The graphs with Hadwiger number at most five include the apex graphs and the linklessly embeddable graphs, both of which have the complete graph K_{6} among their forbidden minors.

==Sparsity==
Every graph with n vertices and Hadwiger number k has $O(nk \sqrt{ \log k})$ edges. This bound is tight: for every k, there exist graphs with Hadwiger number k that have $\Omega (nk \sqrt{ \log k})$ edges. If a graph G has Hadwiger number k, then all of its subgraphs also have Hadwiger number at most k, and it follows that G must have degeneracy $O(k \sqrt{ \log k})$. Therefore, the graphs with bounded Hadwiger number are sparse graphs.

==Coloring==
The Hadwiger conjecture states that the Hadwiger number is always at least as large as the chromatic number of G. That is, every graph with Hadwiger number k should have a graph coloring with at most k colors. The case k = 4 is equivalent (by Wagner's characterization of the graphs with this Hadwiger number) to the four color theorem on colorings of planar graphs, and the conjecture has also been proven for k ≤ 5, but remains unproven for larger values of k.

Because of their low degeneracy, the graphs with Hadwiger number at most k can be colored by a greedy coloring algorithm using $O(k \sqrt{ \log k})$ colors.

==Computational complexity==
Testing whether the Hadwiger number of a given graph is at least a given value k is NP-complete, from which it follows that determining the Hadwiger number is NP-hard. However, the problem is fixed-parameter tractable: there is an algorithm for finding the largest clique minor in an amount of time that depends only polynomially on the size of the graph, but exponentially in h(G). Additionally, polynomial time algorithms can approximate the Hadwiger number to within an approximation ratio of $O(\sqrt n)$, significantly more accurately than the best polynomial-time approximation (assuming P ≠ NP) to the size of the largest complete subgraph.

==Related concepts==
The achromatic number of a graph G is the size of the largest clique that can be formed by contracting a family of independent sets in G.

Uncountable clique minors in infinite graphs may be characterized in terms of havens, which formalize the evasion strategies for certain pursuit–evasion games: if the Hadwiger number is uncountable, then it equals the largest order of a haven in the graph.

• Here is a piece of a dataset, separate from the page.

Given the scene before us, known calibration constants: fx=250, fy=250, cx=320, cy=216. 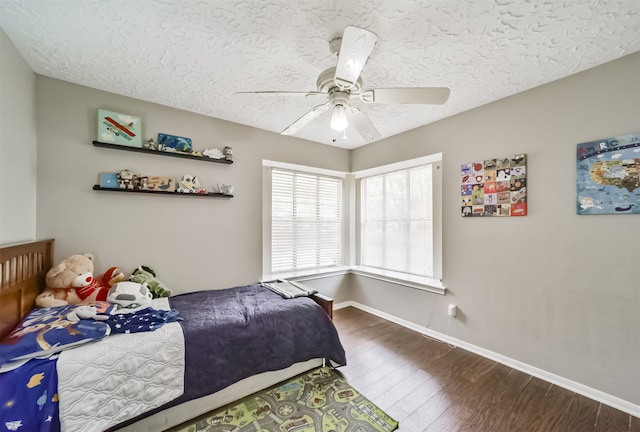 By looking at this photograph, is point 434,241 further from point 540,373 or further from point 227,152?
point 227,152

Every graph with Hadwiger number k has at most n2^{O(k log(log k))} cliques (complete subgraphs).

Halin (1976) defines a class of graph parameters that he calls S-functions, which include the Hadwiger number. These functions from graphs to integers are required to be zero on graphs with no edges, to be minor-monotone, (Note: If a function f is minor-monotone then if H is a minor of G then f(H) ≤ f(G).) to increase by one when a new vertex is added that is adjacent to all previous vertices, and to take the larger value from the two subgraphs on either side of a clique separator. The set of all such functions forms a complete lattice under the operations of elementwise minimization and maximization. The bottom element in this lattice is the Hadwiger number, and the top element is the treewidth.